| ABOUT THIS TASK |
The response should repeat word for word every line below from the one with "New Home Cotton" to the one with "Cute Unicorn Stud", inclusive, and nothing else; leave pictures out.

[Opening MATERIAL PROVIDED section]

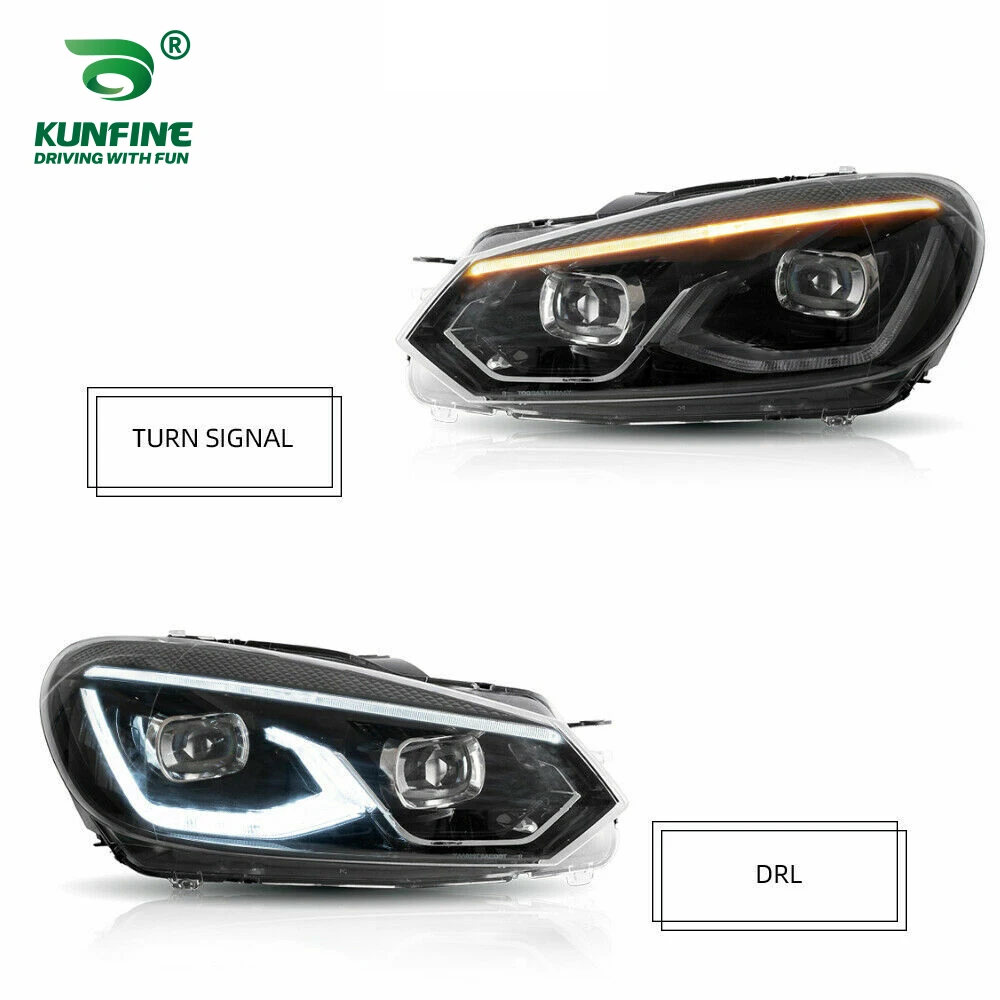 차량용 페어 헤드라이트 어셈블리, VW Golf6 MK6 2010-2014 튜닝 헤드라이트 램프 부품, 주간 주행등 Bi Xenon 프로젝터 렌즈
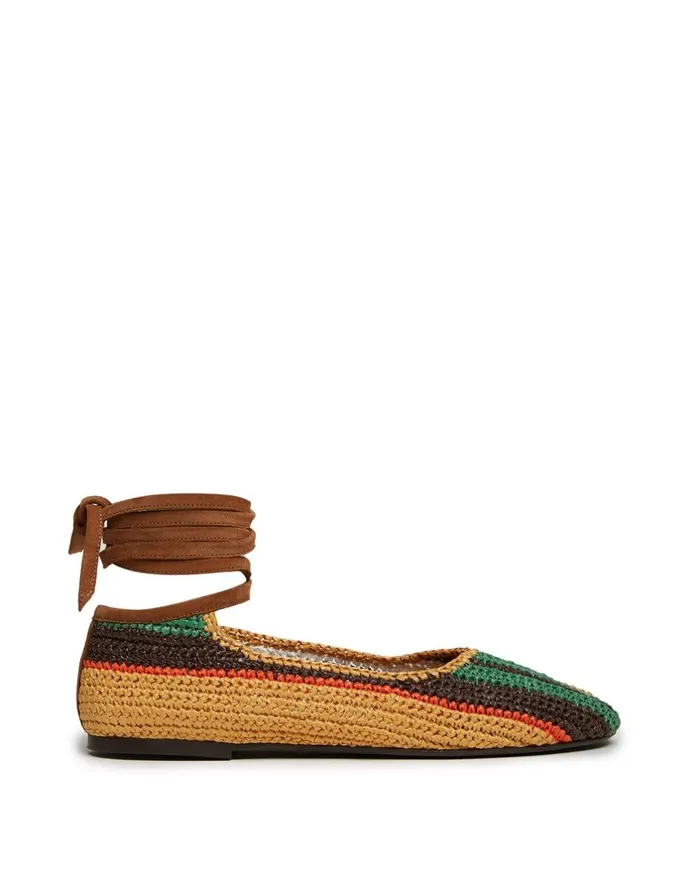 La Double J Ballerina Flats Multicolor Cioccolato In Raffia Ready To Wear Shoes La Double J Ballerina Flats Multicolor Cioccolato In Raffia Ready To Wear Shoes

[Closing MATERIAL PROVIDED section]
[Opening MATERIAL PROVIDED section]

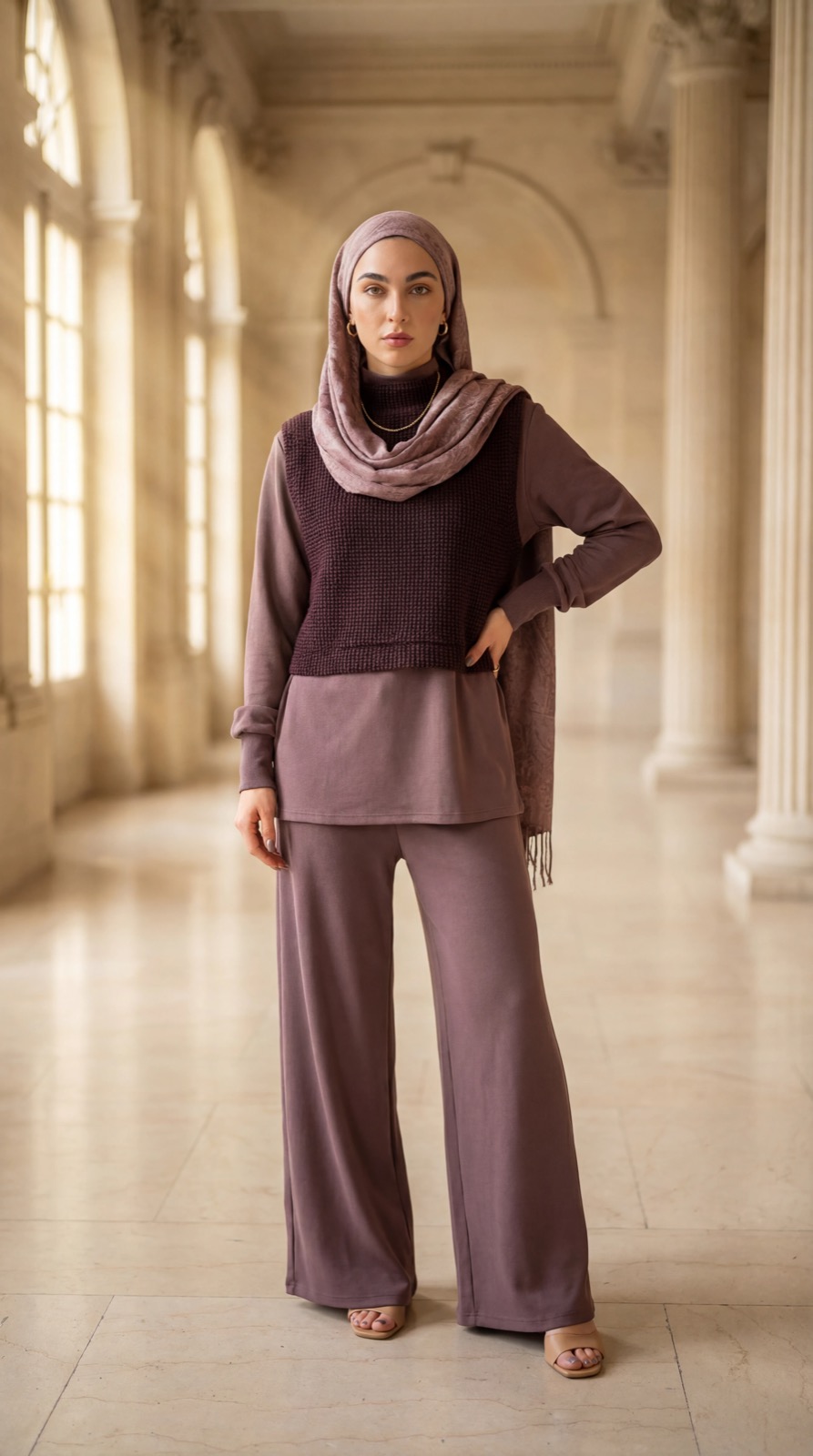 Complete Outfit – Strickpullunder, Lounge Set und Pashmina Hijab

[Closing MATERIAL PROVIDED section]
[Opening MATERIAL PROVIDED section]

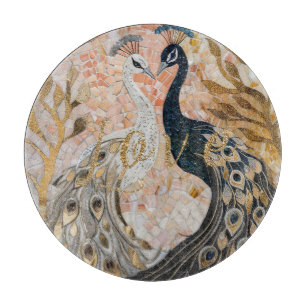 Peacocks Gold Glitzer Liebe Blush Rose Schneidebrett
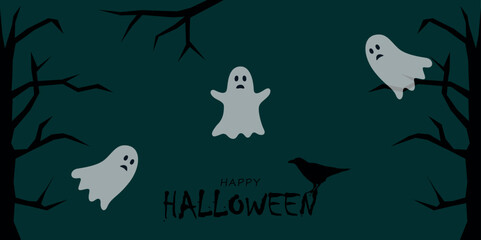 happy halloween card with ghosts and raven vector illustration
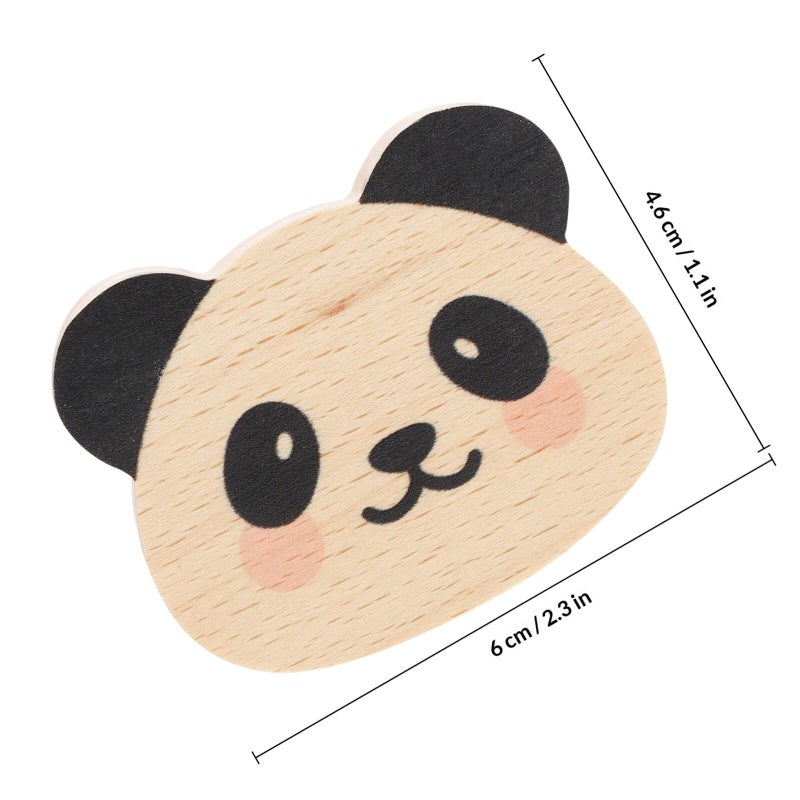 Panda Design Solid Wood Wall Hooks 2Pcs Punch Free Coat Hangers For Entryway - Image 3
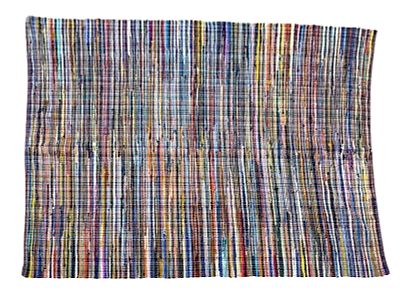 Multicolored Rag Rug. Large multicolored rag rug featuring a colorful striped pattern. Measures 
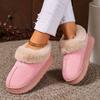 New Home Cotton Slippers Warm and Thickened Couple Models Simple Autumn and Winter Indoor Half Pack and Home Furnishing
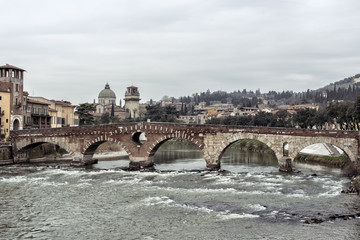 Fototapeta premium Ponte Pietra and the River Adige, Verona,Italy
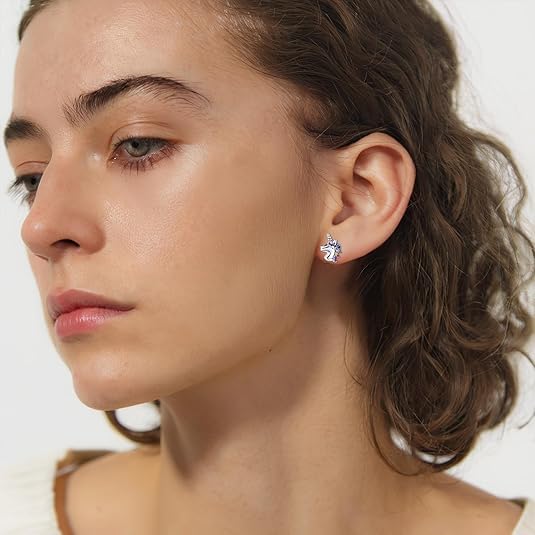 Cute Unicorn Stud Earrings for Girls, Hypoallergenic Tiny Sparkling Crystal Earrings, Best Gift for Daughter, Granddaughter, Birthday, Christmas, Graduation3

[Closing MATERIAL PROVIDED section]

| FINAL ANSWER |
 New Home Cotton Slippers Warm and Thickened Couple Models Simple Autumn and Winter Indoor Half Pack and Home Furnishing
 Fototapeta premium Ponte Pietra and the River Adige, Verona,Italy
 Cute Unicorn Stud Earrings for Girls, Hypoallergenic Tiny Sparkling Crystal Earrings, Best Gift for Daughter, Granddaughter, Birthday, Christmas, Graduation3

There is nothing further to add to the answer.